The result was the Magic Forest: a room with a giant play screen that fosters calm by rewarding slow, gentle movements with visualisations of brilliant birds and flowers. Move too quickly and the birds disappear; be gentle and they return. There’s also Starship Animal Check-ups – a triage tool presented as an animated wall that measures children’s height, heart rate and temperature – and also sees when they’re smiling.
“I think the one of the things that has come from RUSH having a history in gaming is that people come here because they enjoy creating things for others to enjoy”, says design director Stephen Horner. “We’ve just increased the scope of that to go after bigger problems.”
There’s science at work too. The Starship installations were tested and iterated repeatedly before going in. It’s an approach RUSH UX specialist Chloe Fong likens to “the methodology seen in the traditional hard sciences. We gather research about the users’ attitudes and behaviours and make hypotheses, test them by building something and releasing it to the public, and learn by looking at how people are using it with analytics data. This is not a linear process.”

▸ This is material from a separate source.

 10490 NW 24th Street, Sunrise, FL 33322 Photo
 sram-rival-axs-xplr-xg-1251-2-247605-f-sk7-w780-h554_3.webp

Not every job is like Starship. RUSH is still a commercial business and sometimes it will pitch for a job that challenges its goals. Abeysuriya says that before the team took on the job of designing the popular Fastlane application for Z Energy, there was a company-wide discussion about whether that met its purpose statement.
“At a basic level, what Z does is sell fuel, right?” he says. “You go, well, clearly, that doesn’t better serve humankind. You could walk away at that point. But they’re looking to the future. They are a key player in the market and have the ability to influence the market. And if we were able to help them in the journey that they’ve already committed to – transforming and being the only fuel company in the world that acknowledges that it contributes to climate change – then we can make a meaningful dent.”
The ability of the two companies to “respectfully challenge each other occasionally” is part of what makes Z’s relationship with RUSH an “awesome partnership” says Z’s Hudson Dimock. He says he admires the innovative way that RUSH uses technology to solve tricky customer problems, which “aligns strongly with Z’s recent focus on innovation and digitalisation.” The nature of the partnership has allowed the two companies to “grow and mature together” in their three years working together, says Dimock.
The staff discussions at RUSH sometimes make their way out into the world. It’s a company with an unusual multiplicity of voices. The company website carries blog posts by team members, often expressing quite personal takes on technology, business and society. When Fong became a team leader for the first time recently, she was asked to share her thoughts about “human-centred leadership” on the website. She says that invitation was an example of why culture is so important” in a modern workplace: “Not only having a voice but being listened to is key to driving empowerment.”
Wellbeing, culture, making the world better: it might seem a curious place for a former big-three consultant like Vyas to be leading things.
“I need to be careful here,” he chuckles in deference to his old line of work, “But I guess you’d buy a [consultant] for a different reason than you’d buy a RUSH person, right? People buy us when they want to take risks.”